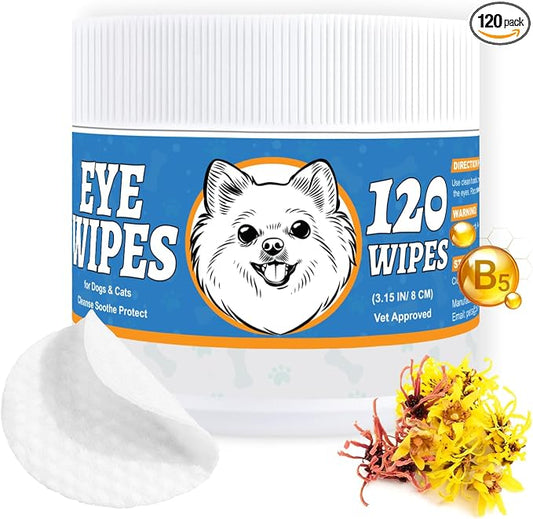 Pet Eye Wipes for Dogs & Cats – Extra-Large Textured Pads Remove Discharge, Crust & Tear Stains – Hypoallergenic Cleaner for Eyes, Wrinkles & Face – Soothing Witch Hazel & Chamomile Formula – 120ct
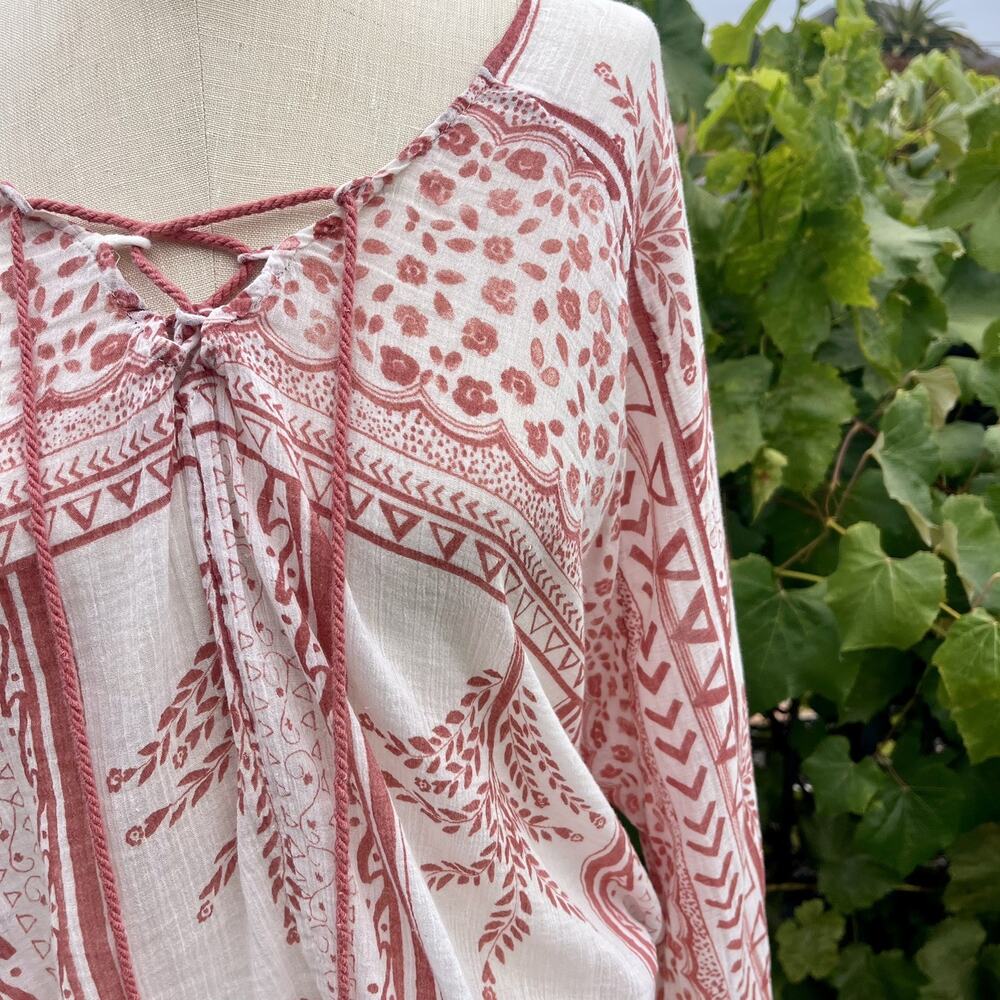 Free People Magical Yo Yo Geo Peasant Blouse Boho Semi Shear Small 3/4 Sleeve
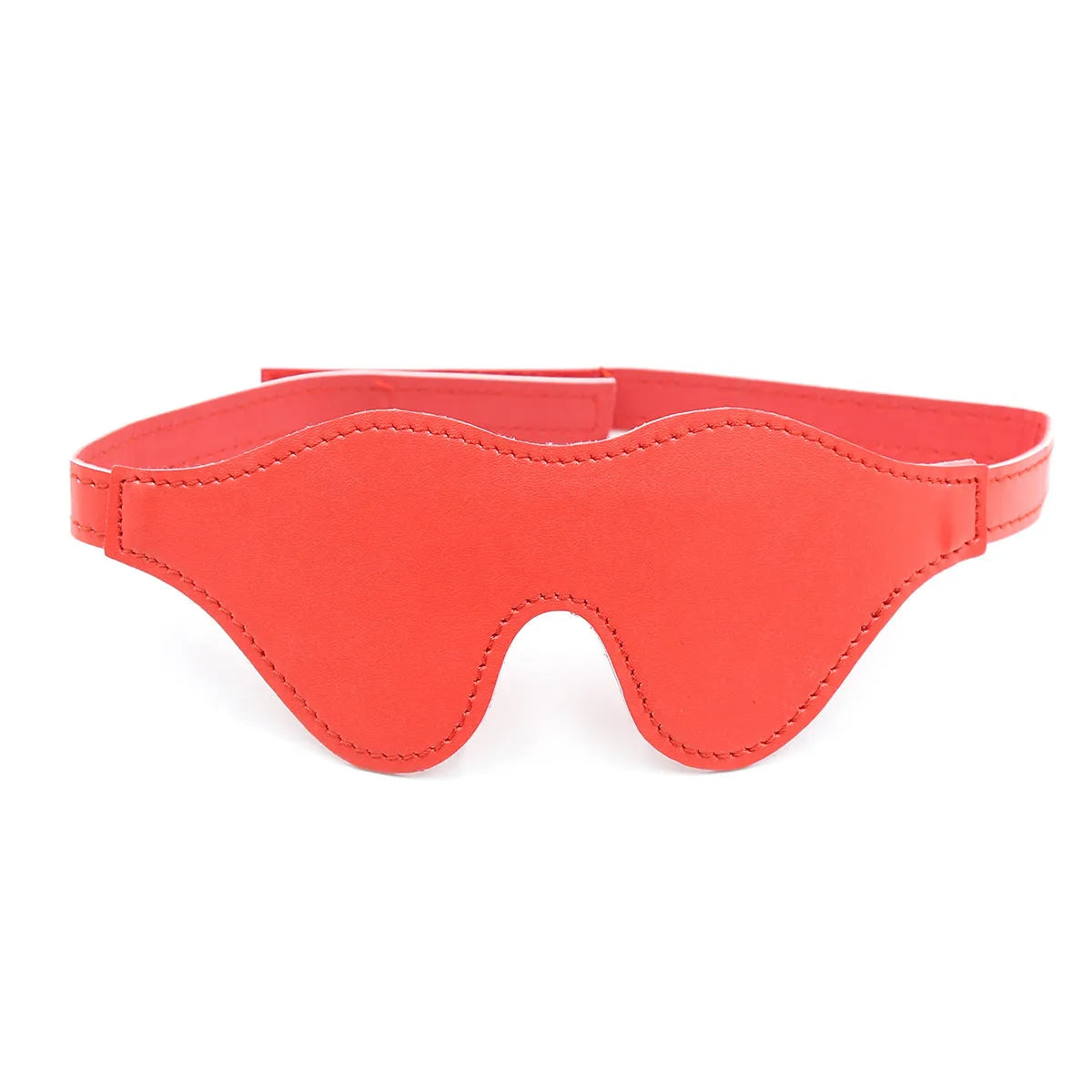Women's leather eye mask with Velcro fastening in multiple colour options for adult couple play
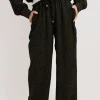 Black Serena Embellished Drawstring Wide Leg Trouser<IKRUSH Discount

> **Work to be completed**: Working from the line containing "Women's leather eye" to the last line of the data, retype every line exactly, both ends included, and leave out all pictures.

> **Solution to the exercise**:
Women's leather eye mask with Velcro fastening in multiple colour options for adult couple play
 Black Serena Embellished Drawstring Wide Leg Trouser<IKRUSH Discount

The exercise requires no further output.